ABOUT THIS TASK
All entries below are to be returned exactly, with pictures left out.
┌─ STUDY MATERIAL
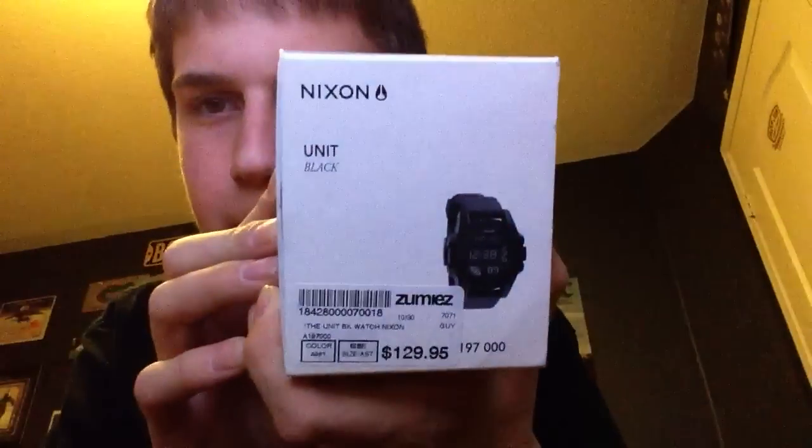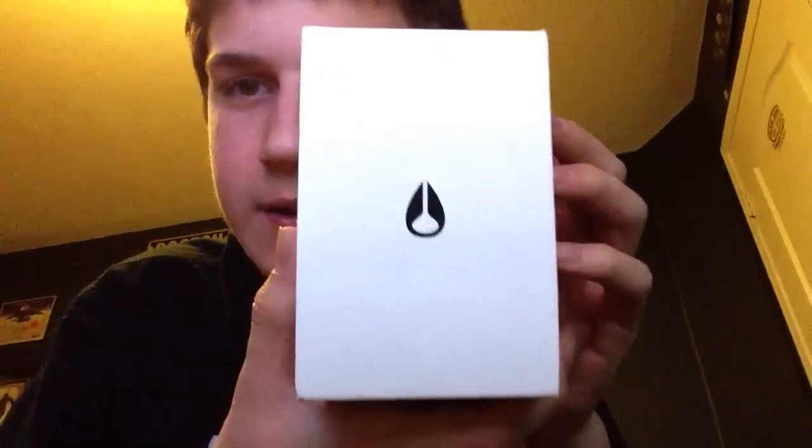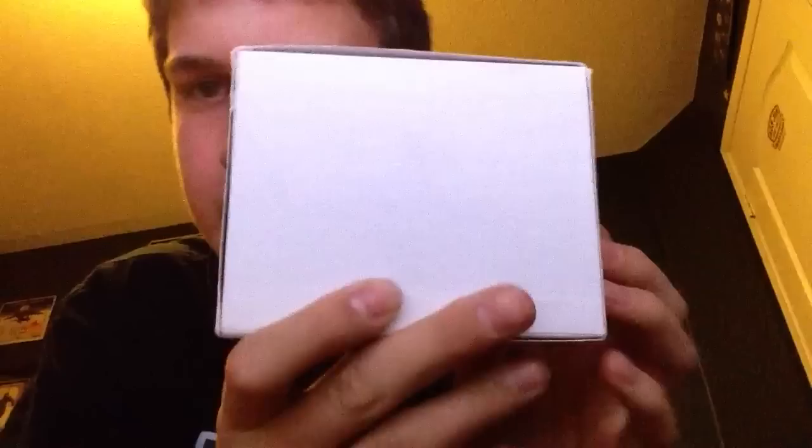Hey YouTube! Today I will be doing an unboxing on my Nixon watch I bought. I paid $129.95 for it. And here's the box. Let's get into it.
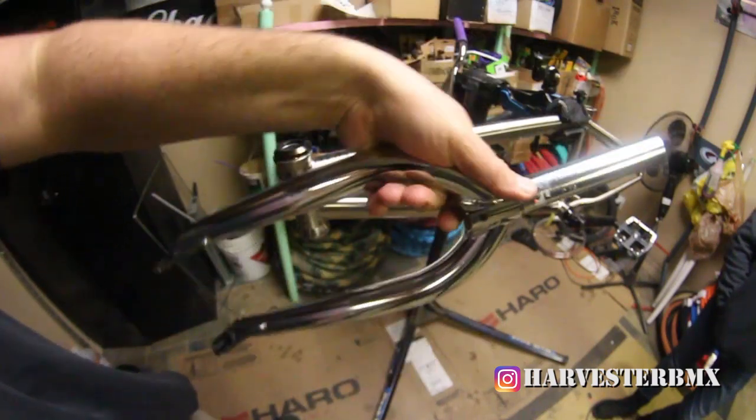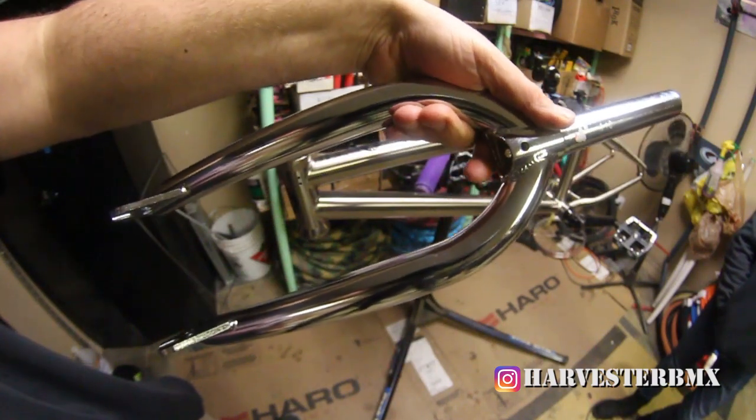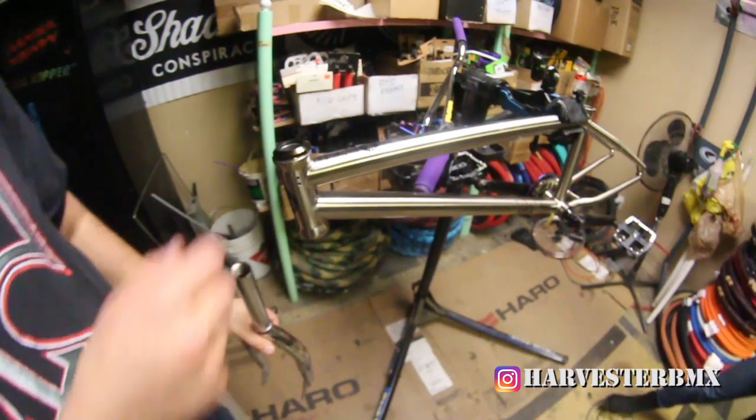We're throwing on some brand new Haro 1978 forks to go along with the stainless steel. Let's throw these babies on.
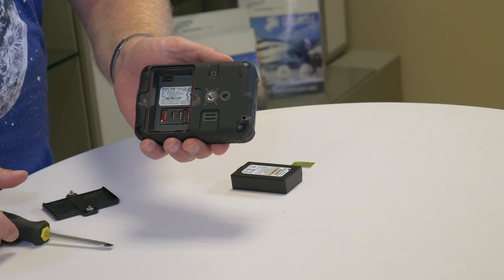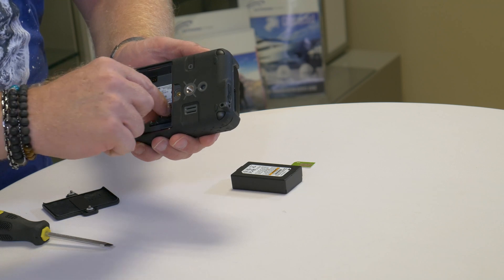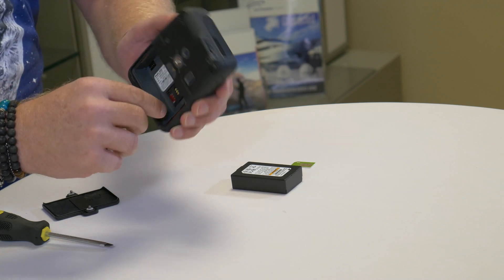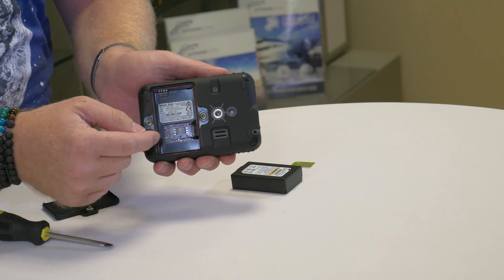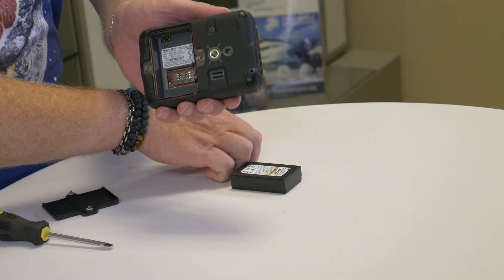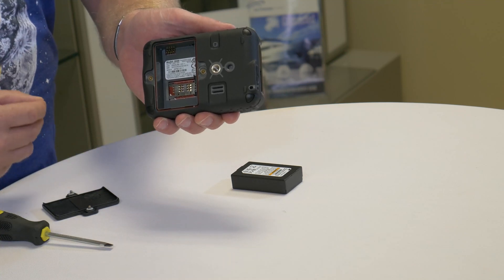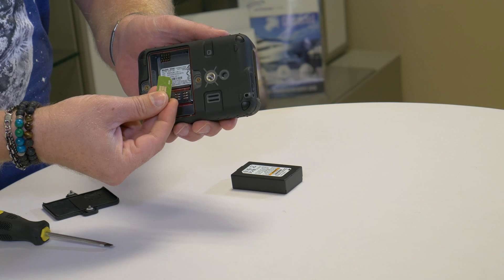Slide the SIM card tray to the right to unlock it so you can swing it up to insert the SIM card. Slide the SIM card into the tray, making sure the notch side of the SIM card aligns with the notch in the bottom of the tray.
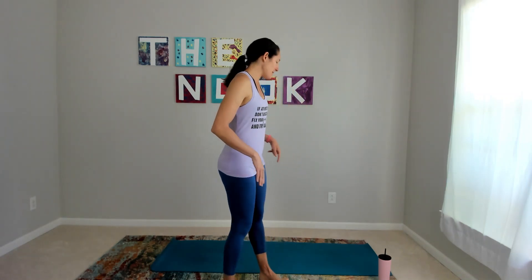Hi there, I'm Sarah from Great Days by Sarah, and today I have for us a grounding yoga practice. We're really going to focus on what are the points in our body that are connected to our yoga mat, and then how does the rest of our body feel. So let's get started at the top of our mat.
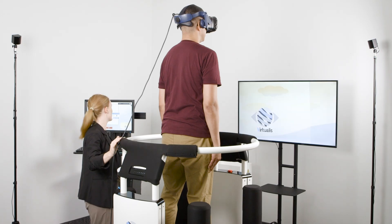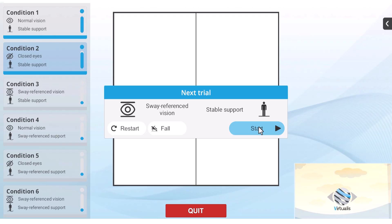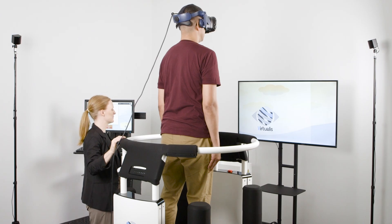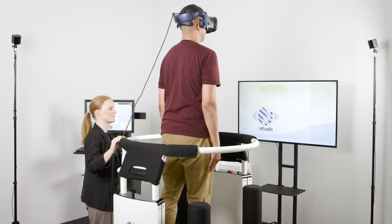Once condition two is completed, tell the patient to open their eyes and begin condition three. When the trial begins, the image in the headset will lock in place. Condition three includes a sway-referenced condition based on the patient's head position.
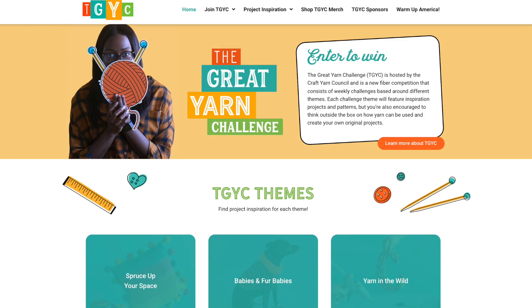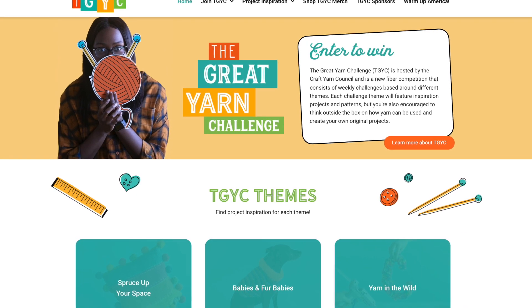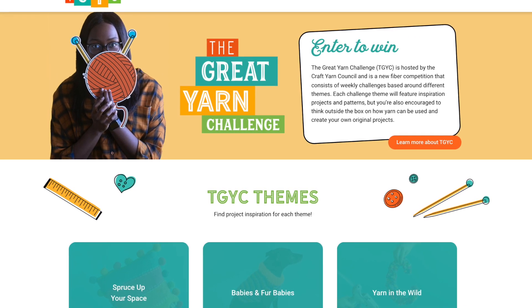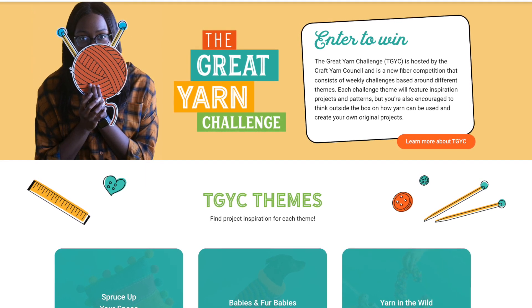The last bit of news is the Craft Yarn Council. They're hosting their Great Yarn Challenge starting in February and running through till March. It's a virtual-based competition with weekly challenges and prizes — things like 'spruce up your space' and 'stitch it forward.' Registration is now open for that.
└─
RESULT
Hey YouTube! Today I will be doing an unboxing on my Nixon watch I bought. I paid $129.95 for it. And here's the box. Let's get into it.
We're throwing on some brand new Haro 1978 forks to go along with the stainless steel. Let's throw these babies on.
Slide the SIM card tray to the right to unlock it so you can swing it up to insert the SIM card. Slide the SIM card into the tray, making sure the notch side of the SIM card aligns with the notch in the bottom of the tray.
Hi there, I'm Sarah from Great Days by Sarah, and today I have for us a grounding yoga practice. We're really going to focus on what are the points in our body that are connected to our yoga mat, and then how does the rest of our body feel. So let's get started at the top of our mat.
Once condition two is completed, tell the patient to open their eyes and begin condition three. When the trial begins, the image in the headset will lock in place. Condition three includes a sway-referenced condition based on the patient's head position.
The last bit of news is the Craft Yarn Council. They're hosting their Great Yarn Challenge starting in February and running through till March. It's a virtual-based competition with weekly challenges and prizes — things like 'spruce up your space' and 'stitch it forward.' Registration is now open for that.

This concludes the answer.